Por Cecília Vieira Helm (*)

Prezadíssimo Aroldo Murá G.Haygert:

Envio para conhecimento a nota introdutória de meu novo livro sobre Krinton, o major velho. Trata sobre os depoimentos dos indígenas idosos que obtive, gravei e escrevi para conhecimento das gerações atuais e futuras, digitei tudo a pedido de alguns líderes Kaingang, meus amigos.

Grande abraço, com admiração Cecília Helm.

NOTA EXPLICATIVA:

Decidi publicar os depoimentos dos idosos da Terra Indígena Mangueirinha, TIM, para que seja do conhecimento das novas gerações a história do povoamento desta terra narrada pelos Kaingang e Guarani.

Trata sobre as entrevistas que realizei para observar, ouvir os indígenas, durante as pesquisas que realizei nesse local, no sudoeste do estado do Paraná, desde 1967, para conhecer a história da ocupação da Terra Indígena pelo capitão Antônio Joaquim Kretã. Ouvir os indígenas, suas explicações sobre a história nativa, significa “um ouvir todo especial”. Contudo, escreveu Cardoso de Oliveira, “há de se saber ouvir”. (CARDOSO de OLIVEIRA, R. 1988).
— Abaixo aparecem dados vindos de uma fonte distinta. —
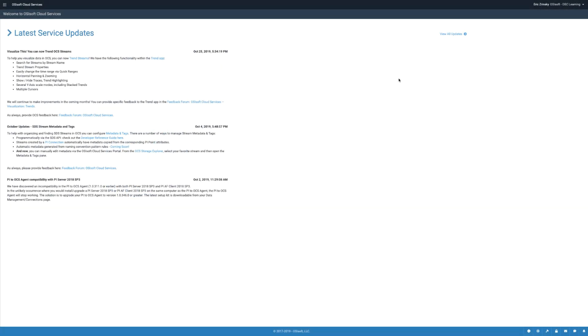This video demonstrates how to create a Client Credentials Client in the OCS Portal. Client Credential Clients allow for server-to-server communication without user interaction.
Em 1818, Kretã reuniu unidades familiares Kaingang, deixou o aldeamento de Atalaia, em Guarapuava, devido aos atritos com os dirigentes e dirigiu-se à área de Palmas. Em 1819, foi se instalar junto aos rios Iguaçu e Chopim. Ergueu as aldeias Campina e Palmeirinha, nas proximidades do povoado Covózinho, no Paraná.

COLONIA MILITAR

Narraram os Kaingang, que em consequência da instalação da Colônia Militar do Chopim, se aproximaram dos militares e auxiliaram na abertura de picadas, para ligar a Colônia às povoações de Palmas, de Ponta Grossa e de Guarapuava. Não aceitaram o pagamento em papel moeda pelos serviços prestados. Solicitaram que fosse regularizada, formalizada a área de terras que ocupavam. Foi elaborado o Decreto nº 03, em 1903, pelo ex-governador do Estado do Paraná, Francisco Xavier da Silva. O filho de Antonio Joaquim Kretã, José Capanema, viajou para o Rio de Janeiro e Curitiba, para solicitar que as terras que ocupavam fossem delimitadas, documentadas, para os Kaingang.

EM 1915

Em 1915, um grupo da etnia Guarani Mbya solicitou ao cacique José Capanema, que herdou a posição de seu pai, para ceder uma parte da área, para que pudessem viver na Terra Indígena Mangueirinha. Foi indicado que se instalassem na mata, nas proximidades do riacho Butiá. Os Guarani ergueram a aldeia “Butiá”.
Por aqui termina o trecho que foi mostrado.